Some of the visitors seemed to be local police officers who took all arms out of storage. But they neither know where the arms went, nor do they think they will survive another night and are desperate to leave the house.



A hunting lodge in Sukholuchya, a presidential reserve north of Kyiv.

“I drank a bottle of vodka after the last break-in without eating, and I don’t think we will survive another night,” one of the guards said. They are too scared to give their names.

Sukholuchcha is a state-owned hunting reserve within a fenced area of 20,000 hectares, about 30 kilometers away from the presidential estate of Mezhyhirya north of Kyiv.

It has very few buildings, including three luxurious hunting lodges of the former president and prosecutor
and well kept-forests full of game.

Two of the residences in Sukholuchcha were broken into last night. Guards at Pshonka’s residence said at least once the attackers talked about going after stocks of weapons at the shooting range.

There is a lot of breakage in one of the bedrooms in Pshonka’s house, as if the visitors looked for hidden treasures, documents and the like. The visitors talked about proceeding to go tot the shooting range
for its stocks of weapons, guards said.

Taras Kaduk, a local police department head, said that the Sukholuchchya area is seeing a significant upsurge of criminal activity.

“There is a lot of criminality coming in from Vyshgorod here,” he said. As of Feb. 24, the police and Maidan’s Self-Defense attempted to coordinate their actions to guard the estate.

Kaduk said that most of the weapons from the shooting range were taken away to the police department the day before. But Mykola Hordiychuk, head of Kedr hunting organization that officially runs Sukholuchcha, said it could not prevent an attack.

As he shows a broken door to one of the residences, he says there were many separate acts of vandalism and thievery on the hunting ground. He said two buses and snowmobiles were stolen.

“Thank God the weapons were evacuated a day before,” he said.



A hunting lodge in Sukholuchya, one of many presidential recreation sites around the country.

But Dmytro, a self-defense guard who goes under the nickname Volya, said that at least 40 Kalashnikovs were taken out of Pshonka’s house on Feb. 22. He said self-defense units saw masked people carrying them out, but they were not in the mood to explain who they were and what they were doing.

“You see, people who have masks on, do not want to talk much,” he said. “But we gathered from their behavior that they were with the authorities, just picking up what they had left behind.”

Andriy Volkov, a local game keeper, said that visitors to the state hunting ground also shoot game uncontrollably. “People are scared and tired.
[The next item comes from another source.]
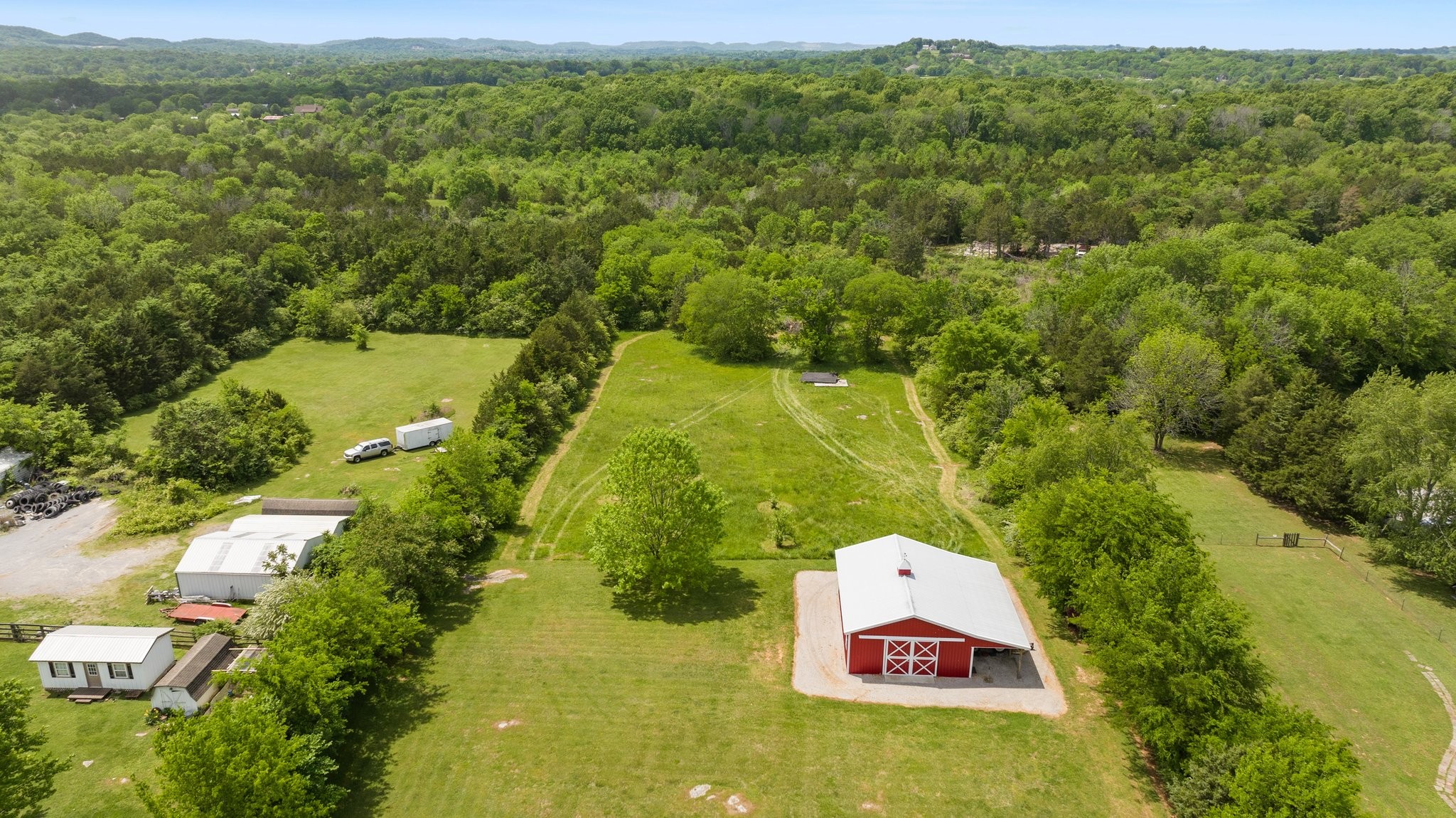 6223 Ladd Road Franklin, TN 37067 - Photo 63 of 67 an aerial view of a residential houses with outdoor space and trees all around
They need some authority here,” he said.

The only residence on the ground that remained untouched was the most luxurious presidential mansion. It goes by the name of Island Object and resembles Mezhyhirya in its grandeur. A huge photograph featuring ex-president Viktor Yanukovych, oligarch Rinat Akhmetov and Russian singer Iosif Kobzon adorns one of the walls, prompting a question about who the real owner of the place was.

Parts of Sukholuchya is officially rented by Dim Lisnyka, a company whose beneficiary owner is
believed to be Yanukovych.

Multiple documents about its activity were recovered by journalists working in Mezhyhirya after an attempt to dump them in the river. DimLisnyka, along with Tantalit, which officially owns Mezhyhirya, was essentially managed by Pavlo Litovchenko, who signed off on payments and business decisions.

Although well-kept, Sukholuchcha was not frequently visited. Guards in Pshonka’s house said guests came about five times a year, with their own guards, and the locals were asked to leave the territory of the residence.

But a note found in Object Island gave a hint at what they used to do there apart from hunting. Inscribed in pencil was a note to make sure there are 100-150 non-drinking guards for an event, as well as a musicalband called White House, and 6+2 sauna keepers.